Primera Base , Primer Amor

Capítulo 3: Más allá del ruido

Los días siguientes, Mateo apareció casi a la misma hora. Sin avisar. Sin escoltas. Sin cámaras. Solo él, con su cuaderno, sus ojos cálidos y una calma que parecía ajena a su vida real. El café se volvió su escondite. Y Stacy, sin saberlo, se convertía en algo más que una mesera con sonrisa fácil.

Ella intentaba mantenerse firme, recordarse que él era solo un cliente más, que su mundo no estaba hecho para estrellas fugaces como él. Pero era difícil cuando él la miraba como si cada palabra suya mereciera ser escuchada. Como si ella fuera el respiro que llevaba tiempo buscando.

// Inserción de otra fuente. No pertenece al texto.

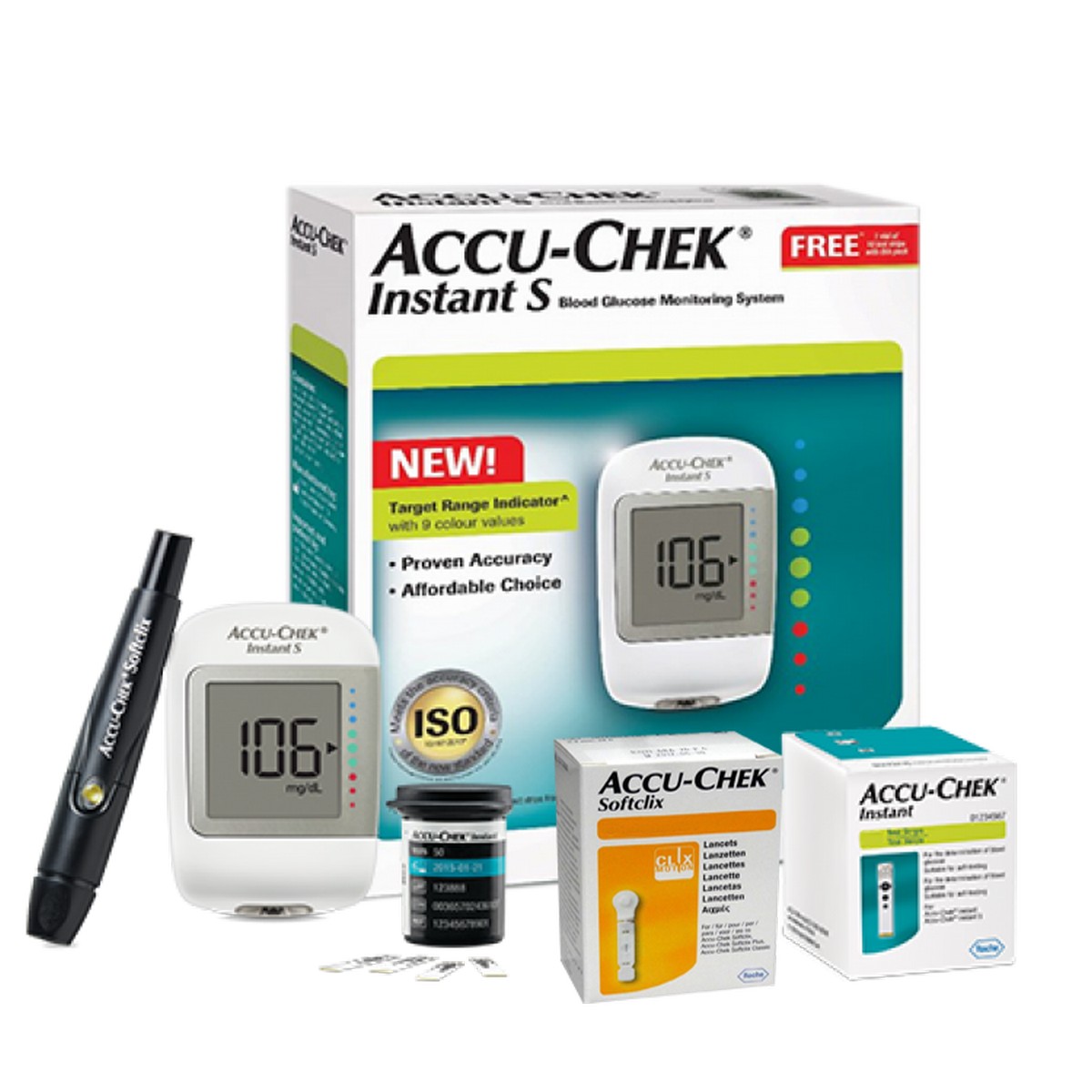 Accu Check Instant s Glucometer with 50 pack strips 50 pack needles and 50 Pcs alchol swab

—¿Qué escribes en ese cuaderno todo el tiempo? —preguntó ella un miércoles por la tarde, mientras le dejaba un té de canela.

Mateo lo giró hacia ella. Una hoja llevaba su nombre. Y debajo, un dibujo torpe pero dulce: ella sirviendo café con una sonrisa distraída.

—No soy buen dibujante —admitió él—. Pero así te veo.

Stacy sintió cómo le temblaban los dedos. No estaba acostumbrada a ser mirada con tanto detalle. Nadie en su vida había intentado capturarla en papel.

—Es bonito… y raro —dijo, bajando la vista—. No creo que nadie me haya dibujado antes.

—Entonces ya era hora.

Pasaron la tarde hablando de cosas pequeñas: música, miedos, cómo él extrañaba ver el mar sin que alguien le pidiera una selfie. Stacy le contó que a veces se sentía invisible, incluso en su propia casa. Que había aprendido a brillar sin hacer ruido.

Y Mateo la miró como si entendiera perfectamente lo que eso significaba.

Cuando se fue, dejó una nota en la caja de propinas:
"Tienes luz propia. No dejes que nadie te la apague."

Al día siguiente, ella lo esperó sin admitirlo. Se peinó diferente. Eligió un labial más suave. Su tía lo notó.

—¿Tienes una cita con alguien? —preguntó con una sonrisa suspicaz.

—No —mintió Stacy, recogiendo tazas—. Solo... me gusta verme bien.

Pero Mateo no apareció ese día. Ni el siguiente.

Y el silencio la apretó como una cuerda invisible.

Viernes, 6:33 p.m.

El café estaba más vacío de lo normal. Stacy estaba limpiando una mesa cuando la campanilla sonó. Miró con rapidez. No era Mateo. Era un hombre de traje, con una tableta en la mano. Se dirigió al mostrador y preguntó directamente por ella.

—¿Stacy Rivera?

—Sí… ¿por qué?

—Trabajo con el equipo de relaciones públicas de los Dodgers. Mateo Rivera le dejó esto.

Era un sobre sellado. Ella lo tomó con manos temblorosas. El hombre ya se había ido cuando lo abrió. Dentro, una nota escrita con su letra apretada:

“Tuve que irme. Emergencia del equipo.
No quería desaparecer sin decir adiós.
Volveré, si me dejas.
No sabes cuánto lo necesito.
– M.”

El corazón de Stacy se apretó. No sabía qué pensar. ¿Era esto real? ¿O una promesa bonita que se disolvería como el vapor de un café olvidado?

Esa noche no durmió.

Una semana después...

Stacy volvió a su rutina, pero algo había cambiado. Cada esquina del café la hacía recordarlo: la silla donde se sentaba, la forma en que miraba por la ventana, los dibujos torpes en su libreta. Sentía una falta absurda, como si algo le hubieran quitado antes de que pudiera nombrarlo.

Hasta que una tarde, al salir a tirar la basura detrás del local, lo encontró allí.

Mateo. Con jeans, camiseta sencilla y la misma sonrisa cansada.

—No sabía si querrías verme —dijo él, sin moverse.

Ella se quedó quieta. El corazón acelerado, los ojos ardientes.

—No sabía si volverías.

—Cumplo lo que prometo.

—Eso dicen todos —murmuró ella.

Hubo un silencio cargado. Luego él se acercó, lento, como si cruzar esa distancia pudiera arruinarlo todo si lo hacía mal.

—¿Puedo invitarte a caminar? Solo caminar. Sin promesas.

Stacy lo miró largo rato. Su corazón quería gritar que sí, pero su miedo se aferraba fuerte. Sin embargo, algo más fuerte aún se impuso.

Asintió.

Y esa tarde, caminaron por las calles tranquilas del pueblo. Sin cámaras. Sin fama. Solo dos personas que, poco a poco, se estaban atreviendo a sentir.